Developed for UNICEF

AI models

Results and conclusions

Country models: tile-based school classifier

All country models performed really well with the validation dataset that all the model validation F1 scores were above 0.9 except Niger country model (0.87). The detailed model evaluation metrics, including precision, recall and F beta scores can be visualized through Table 4 Model evaluation column. You can click the ‘eval’ link to see our Tensorboard model training monitoring graph as well.

Table 4: All the country models and regional models under tile-based school classifier performed well over the validation datasets that you can click on ‘eval’ Tensorboard Dev linked or scrutinize F1, recall and precision scores under model evaluation column.
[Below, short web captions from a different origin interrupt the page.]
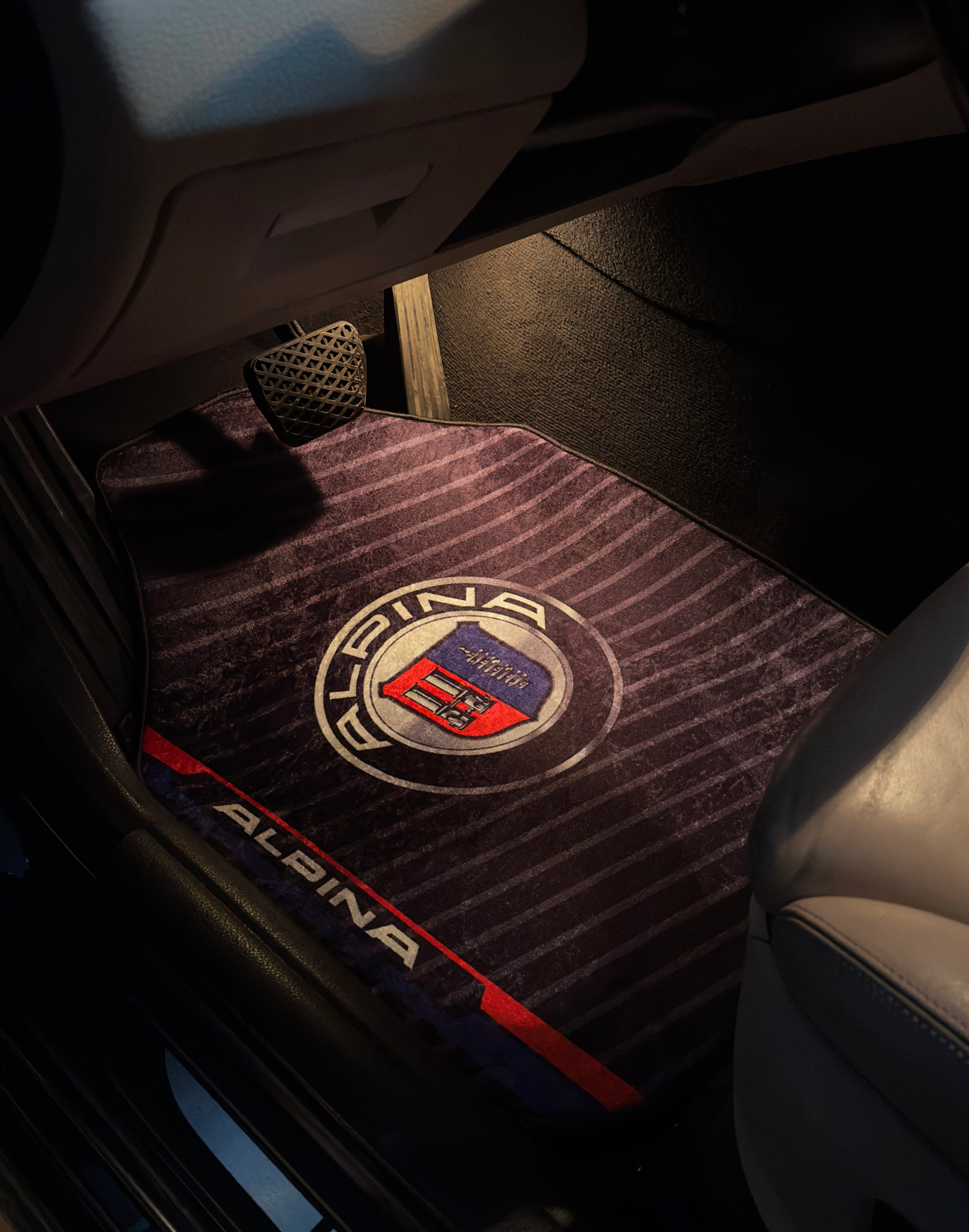 Alpina Universal Car Floor Mat 4pcs Carpet Mat Set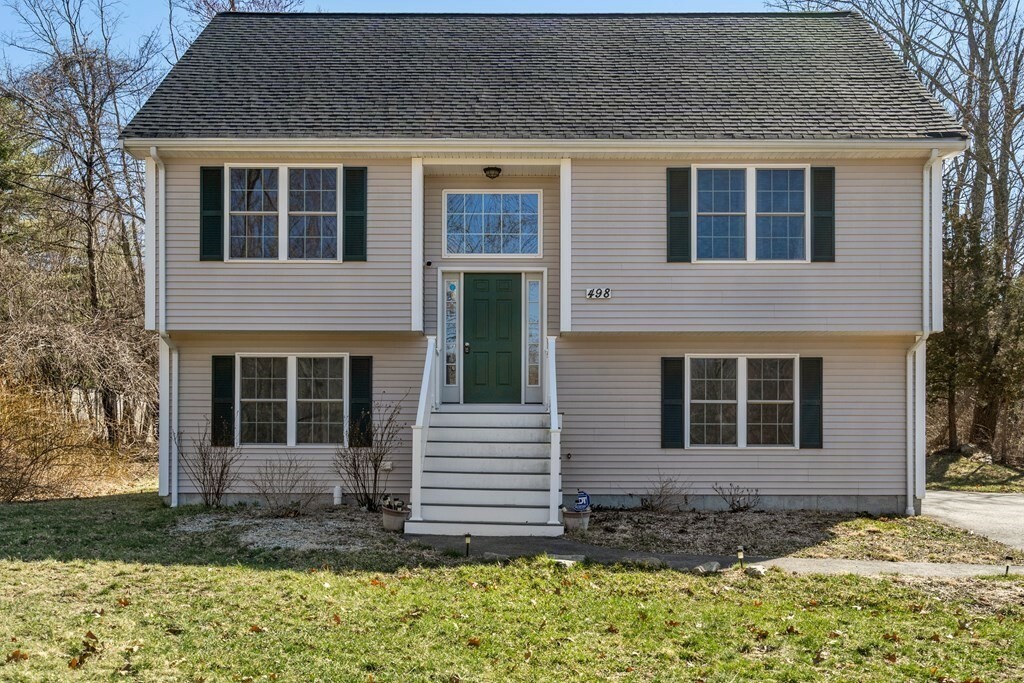 Property Photo: 498 Chestnut Hill Rd MA 01529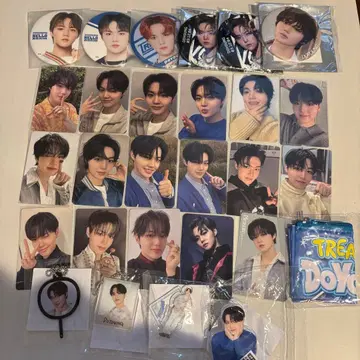 도영 묶음 판매 트레이딩 카드 캔뱃지 랜덤 토이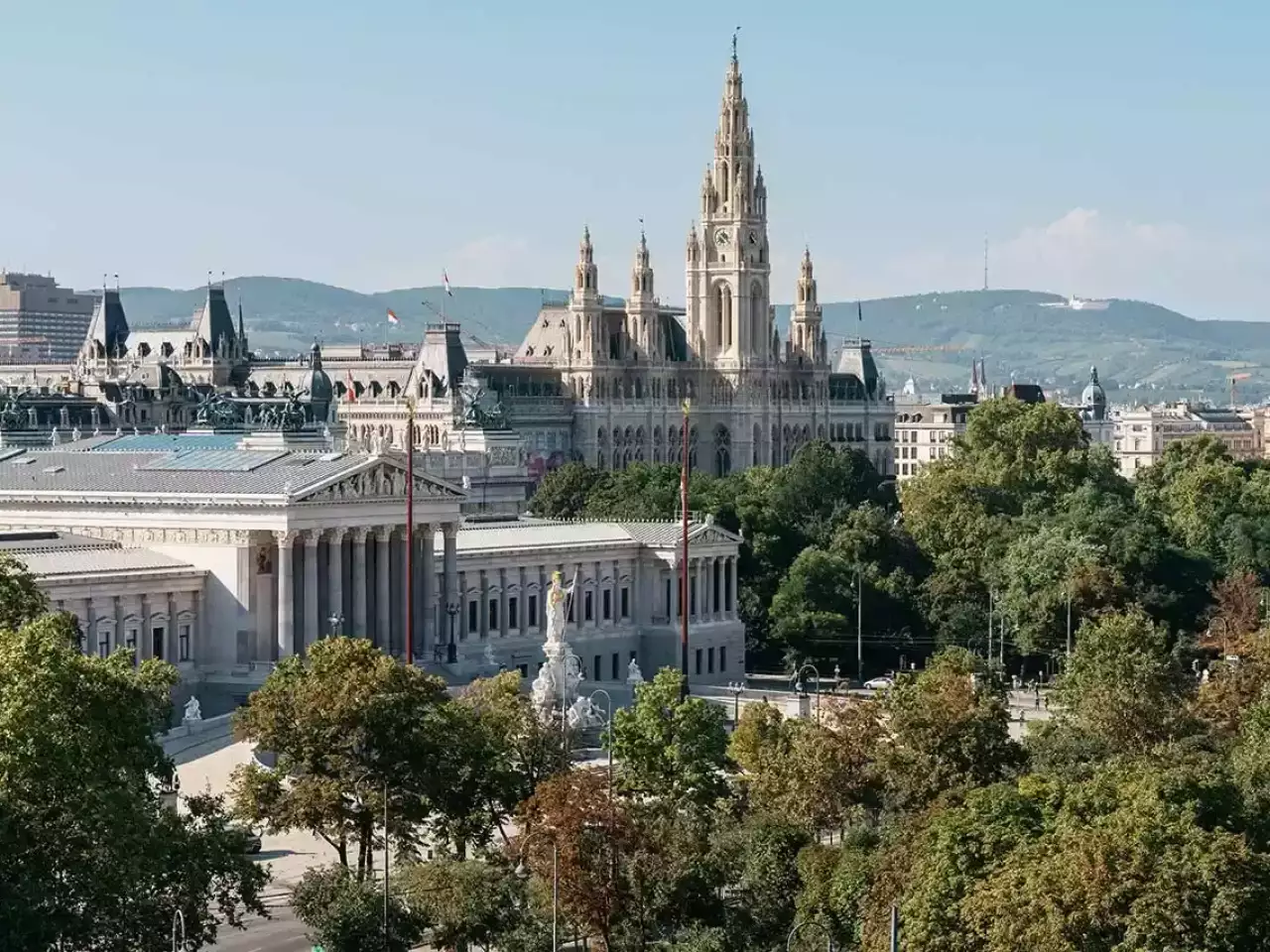 Ringstraße Wien mit Parlament und Rathaus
Despite their varied structure, many schools have identifiable overhead signatures that make them possible to detect in high-resolution imagery with deep learning techniques. Approximately 18,000 previously unmapped schools across 5 African countries, Kenya, Rwanda, Sierra Leone, Ghana, and Niger, were found in satellite imagery with a deep learning classification model. These 18,000 schools were validated by expert mappers and added to the map. We also added nearly 4,000 unmapped schools to Kazakhstan and Uzbekistan in central Asia, additional 1,097 schools in Honduras. In addition to finding previously unmapped schools, the models were able to identify already mapped schools up to ~ 80% depending on the country. To facilitate running model inference across over 71 million zoom 18 tiles of imagery our team relied on our open source tool ML-Enabler.

Table 5: The main findings from tile-based school classifier country models. The column “Known school” is validated school geolocations that have clear school feature (See Table 1 “TOTAL POINTS PER TAG AFTER VALIDATION” “YES” category; 2) column “ML threshold” is the model confident score threshold for each country model; 3) the column “Total detected” are the total number of detected schools with the certain ML threshold scores; 4) “ML output validation” indicates after the expert mappers validation of the ML outputs, the number of confirmed schools “Yes”, unrecognized schools “Un-reg” and “No” schools; 5) “True capture” is the percentage of real schools that correctly predicted by ML model, they higher the percentage means the country ML model perform better; 6) “Difference” is the number of schools that ML models did not find; 7) “Double confirmed” are the number of schools detected by ML models and are also known schools; 8) Unmapped schools are the schools that currently are not on the map but detected by ML models and confirmed by the expert mappers.

Kenya

The tile-based school classifier model for Kenya had made a randomly selected 6,000 “schools” and 6,200 “not-school” training dataset. The F1 score of the model is 0.9 over the validation dataset, which indicated it’s a good performance model.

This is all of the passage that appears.